Rural – O que se percebe é que há muita burocratização para se fazer todos os estudos de dimensões das propriedades e identificação das áreas desmatadas, que eram legais anteriormente. Isso ocorre de fato? Que medidas têm de ser adotadas para melhorar isso?
Michelini – Infelizmente isso tem acontecido, pois o que estava legal quando firmado e respeitado as normativas do Instituto Brasileiro do Meio Ambiente e dos Recursos Naturais Renováveis (Ibama). Hoje, ou melhor, há alguns anos o governo tem exigido novos projetos com novas regras fundiárias e ambientais, agravando essas com as inúmeras mudanças de normativas técnicas e administrativas. Para se conseguir a solução dessas questões, há a necessidade de maior clareza e de diretrizes concretas para que tenhamos segurança jurídica e assim, desenvolver produtividade com sustentabilidade.
Rural – Que tecnologias têm de ser mais exploradas para ajudar o País mostrar ao mundo que efetivamente temos implantado um agronegócio sustentável?
Michelini – Uma palavra sintetiza tudo isso: produtividade, em seu mais amplo sentido. Não somente sacas por hectares, mas a rentabilidade da propriedade, evidentemente, falando de atividades que cumpram os limites éticos socioambientais.
Rural – Quanto custaria para o bolso do produtor estar legalizado? Muitas pesquisas apontam um preço muito alto a se arcar, sendo que o governo poderia compartilhar essa conta. O senhor também concorda com isso?
Michelini – Esse custo poderia ser justo se gasto uma só vez. Porém, com as mudanças de regras como disse anteriormente, e a insegurança jurídica, os retrabalhos acabam ultrapassando todo e qualquer projeto físico financeiro da propriedade rural. Não vejo a necessidade do governo compartilhar essa conta, mas sim, a necessidade do governo não atrapalhar o desenvolvimento da regularidade e produtividade, como tem acontecido com a falta de definições claras nas questões técnica e jurídica.
Rural – Em qual região do País essa conta seria mais cara e porque?

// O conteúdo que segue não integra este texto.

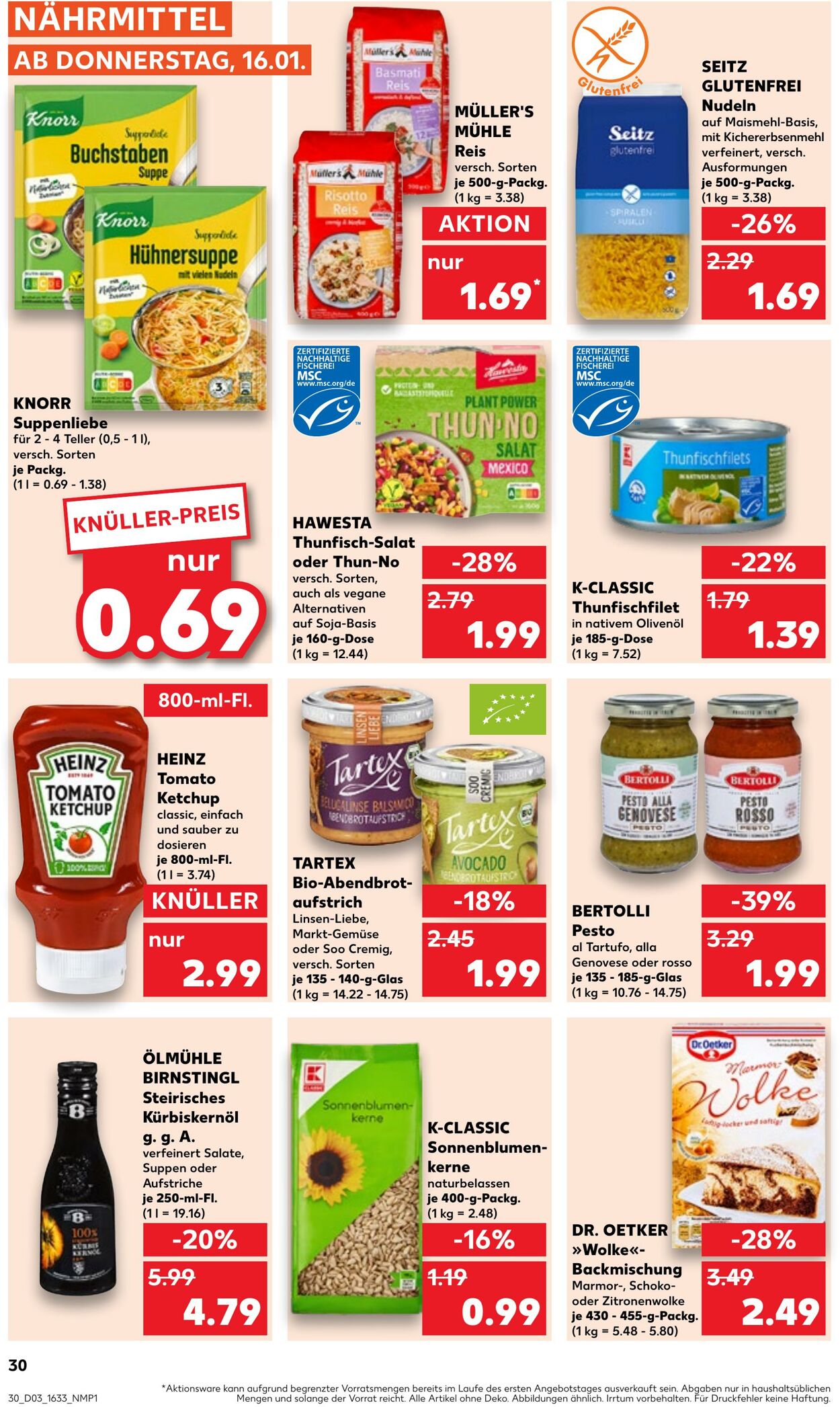 Prospekt Kaufland 16.01.2025 - 22.01.2025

Qual seria o caminho viável nesse caso?
Michelini – Toda e qualquer região do País que tem produção agropecuária, está prejudicada na legalidade e assim ultrapassando os cronogramas financeiros da propriedade rural. O bom senso seria uma ótima iniciação para uma produção rural com sustentabilidade.
Rural – A falta de entendimento ou comunicação entre os segmentos ambiental e rural tem refletido muito na técnica das discussões sobre a aprovação no novo Código Florestal. Qual a saída possível para fazer esses dois grupos se entenderem?

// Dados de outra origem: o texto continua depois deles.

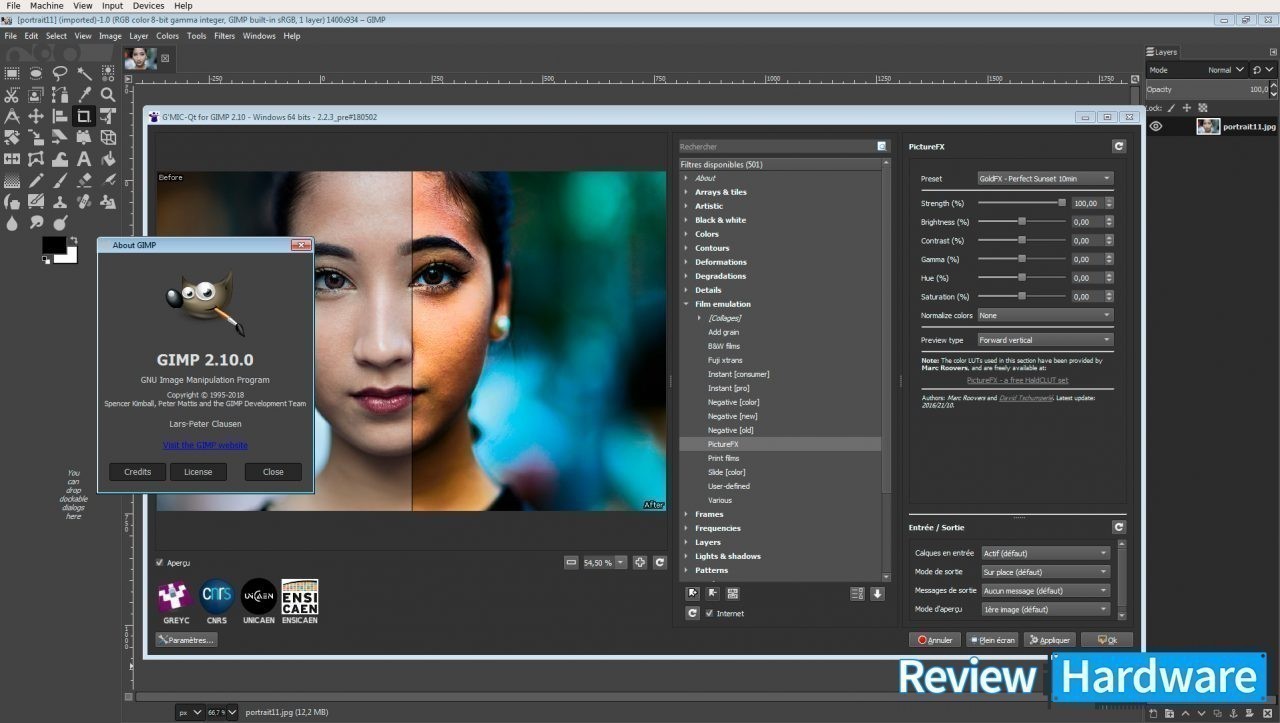 ¿Se puede hacer edición profesional con GIMP 2.10?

Michelini – Não há saída para isso fora da mediação da sociedade! O que precisamos ter é discussão, mas sem a politização excessiva que tem marcado o debate. Não adianta tratar limites de preservação como se fosse um cabo de guerra. Isso teria de permear mais a sociedade, com o necessário comprometimento das universidades. Mas, como fazer isso, num país em que elas estão em contínua greve, e desprestigiadas pelo governo e sociedade?
Rural – O que se percebe também, em todas as discussões, toda uma interferência externa – que acabam refletindo ideias que nem dizem respeito sobre o sistema de produção brasileiro. Na opinião do senhor, isso chega a agravar a situação?

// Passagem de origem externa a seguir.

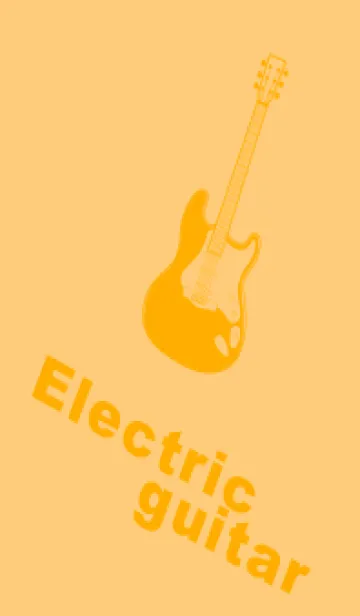 [LINE着せ替え] ELECTRIC GUITAR CLR ジョーンドナープルの画像1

Michelini – É agravante sim, porém, a interferência externa faz parte do jogo. Vivemos numa aldeia global, como antecipava o velho Chacrinha. Somos pressionados com relação ás nossas florestas e cerrados. É natural. O que não podemos é deixar que a liderança disso caia nas mãos alheias, por pura incompetência nossa. Devemos decidir firmemente nossos rumos, pensando globalmente.
Rural – Que modelo de produção o Brasil tem de se ater daqui para frente para dinamizar a produção sem perder de vista a proteção tanto social quanto ambiental?
Michelini – Desenvolver produção com sustentabilidade, e para isso, precisamos de regras claras e com segurança técnica e jurídica. Lembrando sempre que o ser humano também faz parte do meio ambiente. Temos de nos espelhar na espiritualidade de São Francisco de Assis, que em tempos primórdios já respeitava o Universo como irmão.